WORK INSTRUCTION
Beginning with the line that contains "Exclusieve villa, extra", restate each line below through the final one exactly, and exclude the pictures.

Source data
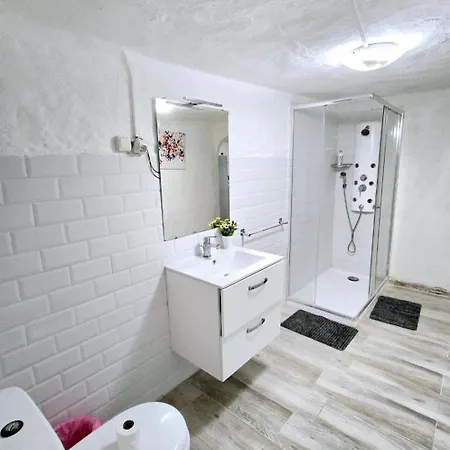 Apartamento Casa Cueva Puerta Valencia Paterna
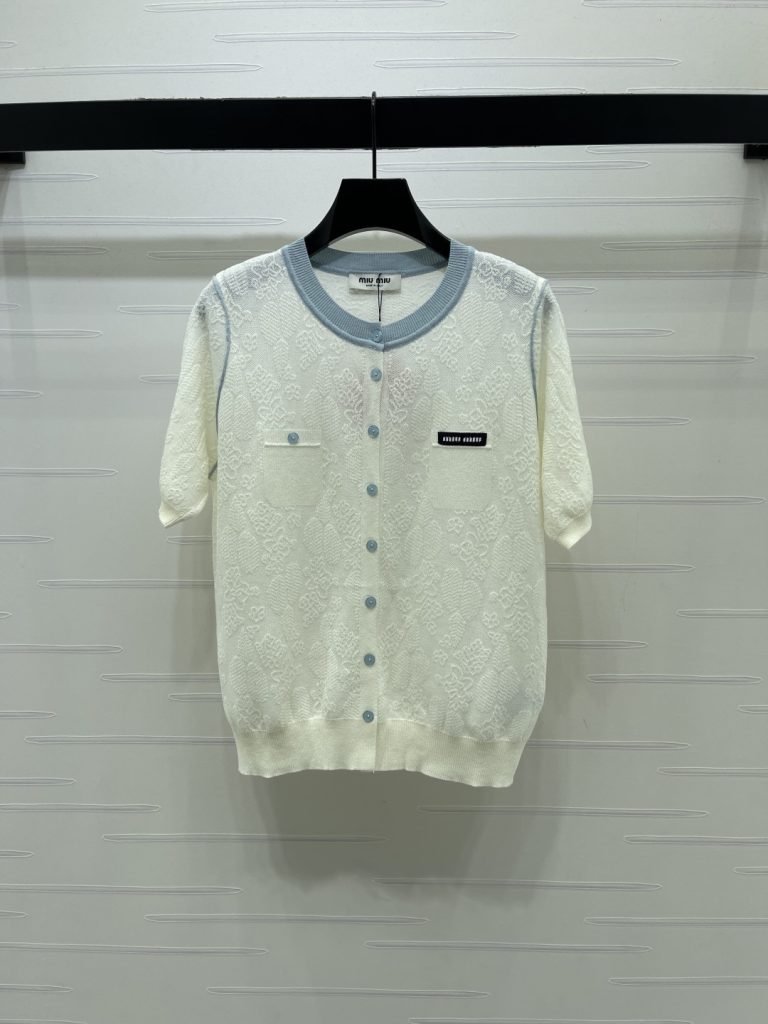 ホワイト系その他を服に合わせるなら見るべき3点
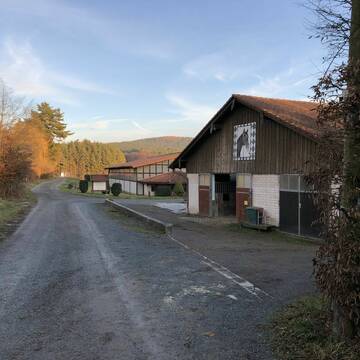 Bild: Stall in  Heinersreuth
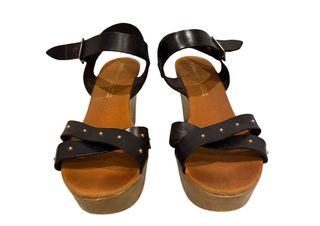 Sandalias de piel negras con detalles dorados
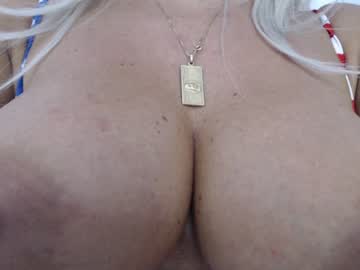 webcam girl marrylouanne today image #2144287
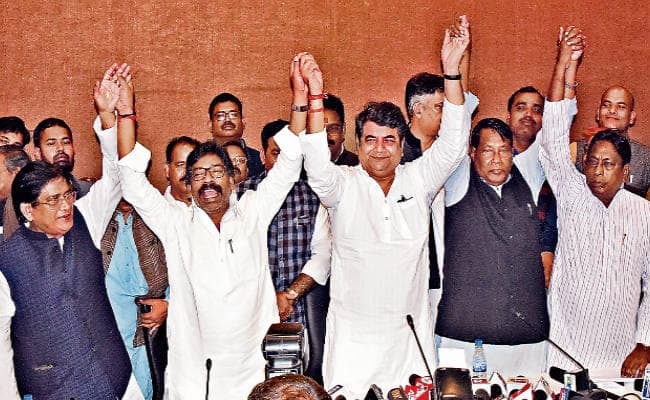 झारखंड विधानसभा चुनाव 2019 : यूपीए में सीटों का बंटवारा, एनडीए में धुंध, जानें पहले फेज में कौन, किस सीट से लड़ेगा चुनाव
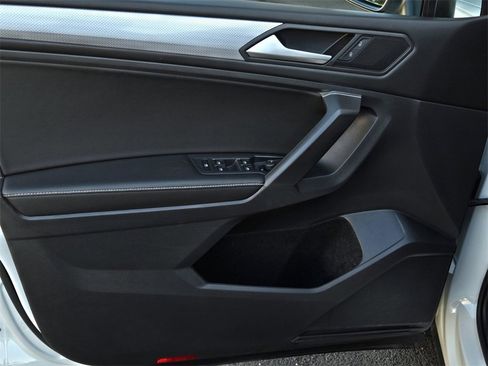 Used 2022 Volkswagen Tiguan S image 10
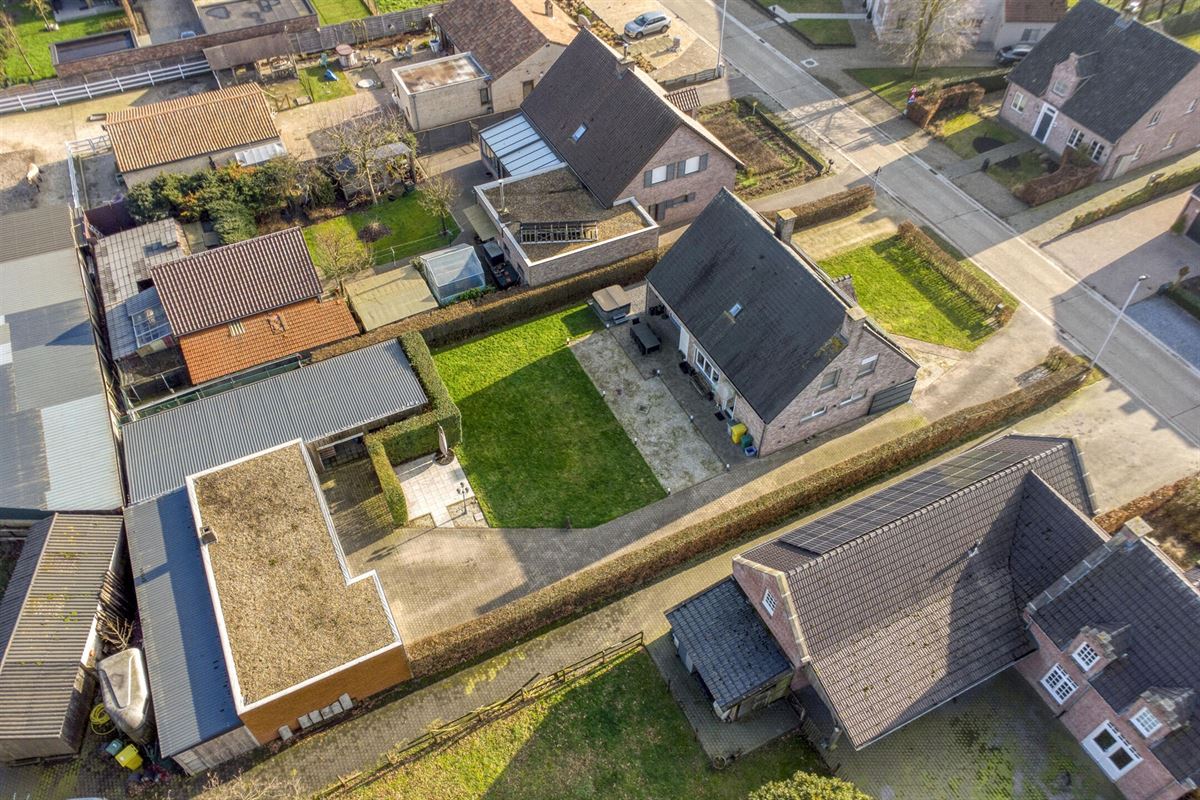 Exclusieve villa, extra garage en zonnige tuin op 1.100 m²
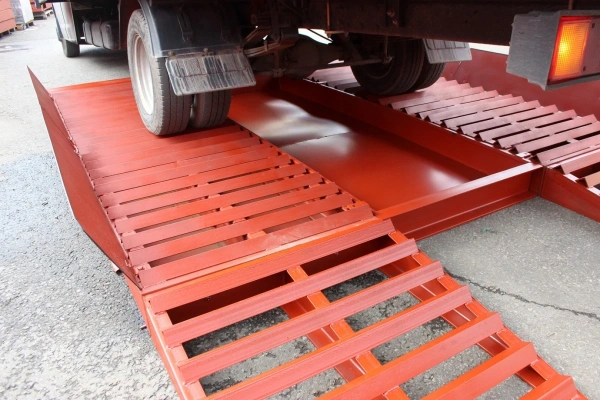 Щиток защитный для эстакады "Стандарт" 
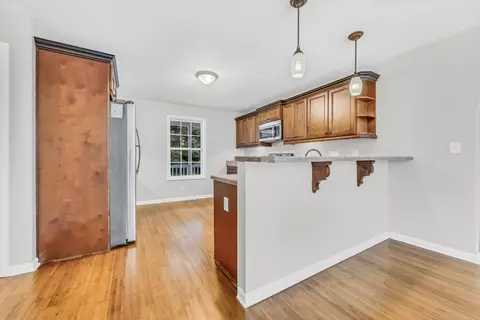 Entry Way - 3190 Marthas Chapel Rd, Cunningham, TN 37052 photo 1 of 2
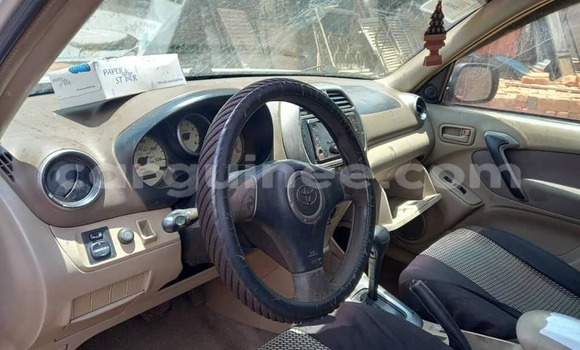 Buy Used Toyota RAV4 Silver Car in Conakry in Conakry Buy Used Toyota RAV4 Silver Car in Conakry in Conakry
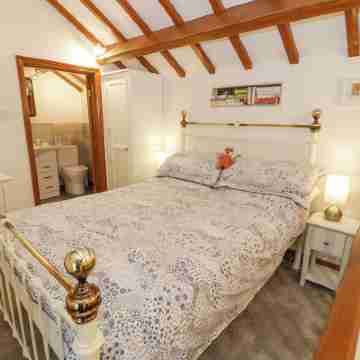 The Little White Cottage Rooms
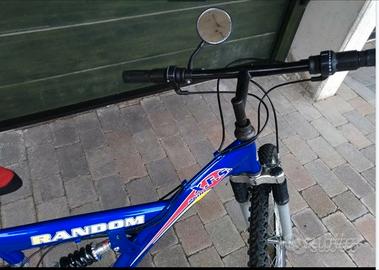 Bici MTB  Mountain Bike XFS 2600 ( Taglia S )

SOLUTION FOR THIS TASK
 Exclusieve villa, extra garage en zonnige tuin op 1.100 m²
 Щиток защитный для эстакады "Стандарт" 
 Entry Way - 3190 Marthas Chapel Rd, Cunningham, TN 37052 photo 1 of 2
 Buy Used Toyota RAV4 Silver Car in Conakry in Conakry Buy Used Toyota RAV4 Silver Car in Conakry in Conakry
 The Little White Cottage Rooms
 Bici MTB  Mountain Bike XFS 2600 ( Taglia S )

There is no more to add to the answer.